By The Siberian Times reporter
24 September 2019

Intriguing evidence from well-preserved calf Yuka of ‘cobra hood-shaped bulge’ on trunk that is absent in modern elephants

Yuka the woolly mammoth. Picture: The Siberian Times


Team of scientists from Yakutsk, Saint Petersburg and Moscow believe that woolly mammoths had a trunk specially adapted to help them in the cold Siberian climate.

But why? What was the purpose?

They examined calf Yuka's straightened trunk and found that ‘in its lower one-third, lateral folds are stretched transversally’ to allow an expansion.

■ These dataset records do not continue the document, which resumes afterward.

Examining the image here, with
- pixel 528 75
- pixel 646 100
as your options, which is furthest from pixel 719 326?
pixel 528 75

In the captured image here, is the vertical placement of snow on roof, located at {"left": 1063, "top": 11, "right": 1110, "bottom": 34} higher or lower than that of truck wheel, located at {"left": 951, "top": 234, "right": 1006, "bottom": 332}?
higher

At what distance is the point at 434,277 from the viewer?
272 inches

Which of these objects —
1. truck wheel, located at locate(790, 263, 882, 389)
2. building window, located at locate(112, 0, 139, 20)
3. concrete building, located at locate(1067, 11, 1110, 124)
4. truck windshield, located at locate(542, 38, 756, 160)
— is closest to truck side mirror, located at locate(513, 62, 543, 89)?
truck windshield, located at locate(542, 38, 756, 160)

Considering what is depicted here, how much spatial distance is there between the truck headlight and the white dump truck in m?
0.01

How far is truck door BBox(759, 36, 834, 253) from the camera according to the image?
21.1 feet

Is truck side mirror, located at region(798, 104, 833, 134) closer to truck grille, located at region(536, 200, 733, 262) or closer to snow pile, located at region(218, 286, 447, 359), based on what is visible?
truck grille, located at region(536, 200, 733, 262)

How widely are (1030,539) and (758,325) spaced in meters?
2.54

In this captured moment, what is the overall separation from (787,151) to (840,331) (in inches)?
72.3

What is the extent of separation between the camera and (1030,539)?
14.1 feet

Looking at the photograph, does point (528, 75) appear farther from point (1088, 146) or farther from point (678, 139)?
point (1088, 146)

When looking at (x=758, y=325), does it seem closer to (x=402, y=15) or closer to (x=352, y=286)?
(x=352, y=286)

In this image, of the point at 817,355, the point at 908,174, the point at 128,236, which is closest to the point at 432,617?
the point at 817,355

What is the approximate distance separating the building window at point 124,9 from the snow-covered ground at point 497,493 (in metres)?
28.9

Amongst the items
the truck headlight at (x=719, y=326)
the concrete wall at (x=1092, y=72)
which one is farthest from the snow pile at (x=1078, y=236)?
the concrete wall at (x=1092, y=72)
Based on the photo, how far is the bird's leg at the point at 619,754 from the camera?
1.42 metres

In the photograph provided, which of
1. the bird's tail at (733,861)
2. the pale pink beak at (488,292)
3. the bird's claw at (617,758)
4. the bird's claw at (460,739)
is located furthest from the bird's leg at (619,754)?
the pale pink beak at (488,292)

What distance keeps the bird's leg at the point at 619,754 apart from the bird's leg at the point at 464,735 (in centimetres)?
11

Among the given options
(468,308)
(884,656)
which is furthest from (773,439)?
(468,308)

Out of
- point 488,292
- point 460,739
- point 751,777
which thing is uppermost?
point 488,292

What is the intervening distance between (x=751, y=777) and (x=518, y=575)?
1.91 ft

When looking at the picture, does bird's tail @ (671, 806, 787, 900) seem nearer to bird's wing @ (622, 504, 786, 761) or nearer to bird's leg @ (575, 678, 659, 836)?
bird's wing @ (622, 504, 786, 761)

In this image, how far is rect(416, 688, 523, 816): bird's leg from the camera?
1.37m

They described how ‘this expansion resembles in shape the ‘hood’ of a cobra’.

Two other specimens of mammoth trunk showed the same feature - the Kirgilyakh mammoth and a trunk fount at Bolshaya Baranikha River.

Yet this phenomenon is not present in modern elephants.





Team of scientists from Yakutsk, Saint Petersburg and Moscow believe that woolly mammoths had a trunk specially adapted to help them in the cold Siberian climate. Pictures: Albert Protopopov, The Siberian Times


A study in Palaeontology Journal has proposed two explanations. 

One theory sees the expansion as linked to warming the exposed trunk tip which lacked hair.

Again, unlike elephants, woolly mammoths had two finger-like projections at the tip of their trunks to grip grasses on which they survived in the harsh cold.

‘The 'trunk fingers' could have been heated, as they curved inside into the expansion of the distal third of the trunk,’ said the study.

The expanding part of the trunk was covered in hair making it like a ‘fur mitten’.



Yuka the woolly mammoth. Pictures: The Siberian Times


The second intriguing theory is that the mammoths kept a store of unfrozen water in their trunk.

According to this version, mammoths must have eaten snow to meet the 120 or so litres of water each day that they needed for survival.

Did this bulging trunk’ melt the snow to make it drinkable'?

The hooded trunk expansion could have provided snow melting before consumption,’ the researchers surmise.

‘Snow was probably pressed by the trunk expansion to the depression in the upper lip to melt it outside the mouth.'



Dima the woolly mammoth calf was 7-8 months old when he died. Dima was discovered in 1977 near the Kolyma river. Pictures: Albert Protopopov


As the head was thrown slightly back, water entered the mouth to continue warming.

‘This scheme of snow melting saved thermal energy compared to… direct snow melting in the mouth.'

They argue that ‘this feature of trunk morphology is undoubtedly an adaptation for life under conditions of a cold climate.

'The woolly mammoth is probably the most extraordinary and specialised member of the family Elephantidae and has a number of unique adaptations lacking analogues among extinct and extant elephants.’

The study was published by the team of Russian scientists - Albert Protopopov, Valery Plotnikov, Evgeny Maschenko, Gennady Boeskorov and Innokenty Pavlov - in Palaeontology Journal, 2015 ().